The truth is that the nation lost its will

Thursday, December 12th, 2019

In There Will Be War Volume II, Jerry Pournelle introduces Eric Vinicoff’s “‘Caster” with a short essay about Vietnam:

Just under 50,000 died in the entire Vietnam War: about one year’s traffic fatalities.


Battle deaths in 1961-1964 were negligible (except to those killed): a total of 267 for all four years. Compare this to the 12,000 per year who died of accidents and suicides in that same period.

By 1965, though, battle deaths had reached 1,369, and the number rose steadily until it peaked at 14,589 in 1968. At that time we had 500,000 soldiers in Southeast Asia, so that the death rate among young men in Vietnam was about 27 times that of the population as a whole; definitely frightening for those involved.

On the other hand, the war did no more than double the death rate among young men as a class, even in that peak year. In 1968, young men had about equal chances of being killed by being in Southeast Asia, or while driving on the highways in the United States.

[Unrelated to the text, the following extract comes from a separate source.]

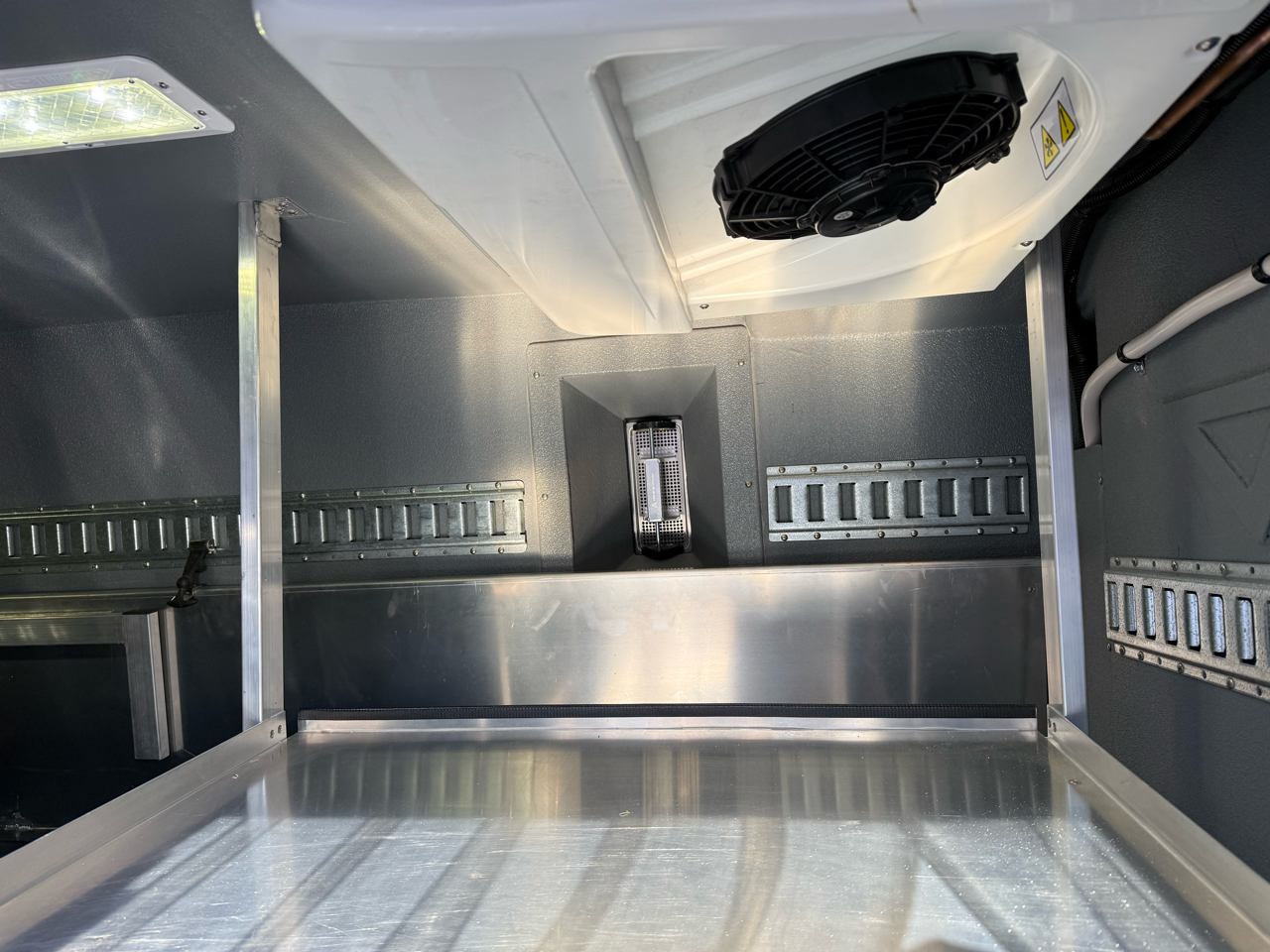 Ford E-Transit Cargo Van T-350 148" Low Rf 9500 GVWR RWD 2022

By 1969, battle deaths had fallen to 9,414. This is a large number, but by that time, the civilian violent death rate had risen to 130 per hundred thousand, so that nearly 24,000 young men died in the United States that year. After 1969 the battle deaths fell off rapidly; civilian accidental and homicide death rates continued to rise.

Thus: if the War “devastated a generation”, then we continue to devastate each generation through accidental deaths; and if the Vietnam War served no useful purpose—and perhaps, given that we eventually abandoned those we had sworn to protect, it did not—neither do the accidental deaths and suicides.


Vietnam fell in 1975, and it fell to four army corps of regulars, employing more armor than the Wehrmacht sent into France in 1940.

When the North invaded in 1975, the Democratic Congress of the US refused any assistance to South Vietnam. After spending billions on the war, our military aid to South Vietnam was cut to $700 million.


The truth is that the nation lost its will. The United States withdrew, the dominoes fell, and the blood baths began. It is no good our telling ourselves anything different.


  1. Bob Sykes says:

    Do we have to go over this again? Viet Nam was a pointless, unwinnable war, even though we had an ally in the South Vietnamese government that controlled all the cities, most of the countryside, and put an army of one million men in the field. The South Vietnamese Army did most of the fighting and dying.

    It changed nothing. It killed a couple of million or so North and South Vietnamese. And we know the Gulf of Tonkin Incident was a total fraud.

    Viet Nam began the pervasive corruption of the American military and intelligence services. They cannot be trusted. They will happily shoot down any patriots they come across.

    The US has degenerated into a rogue terrorist state. We are the primary source of death and destruction in the modern world. We are the bad guys. No doubt the Waffen SS thought they were doing good, Jews and Gypsys and crippled and retarded were evils to be removed, threats to the good people of Germany.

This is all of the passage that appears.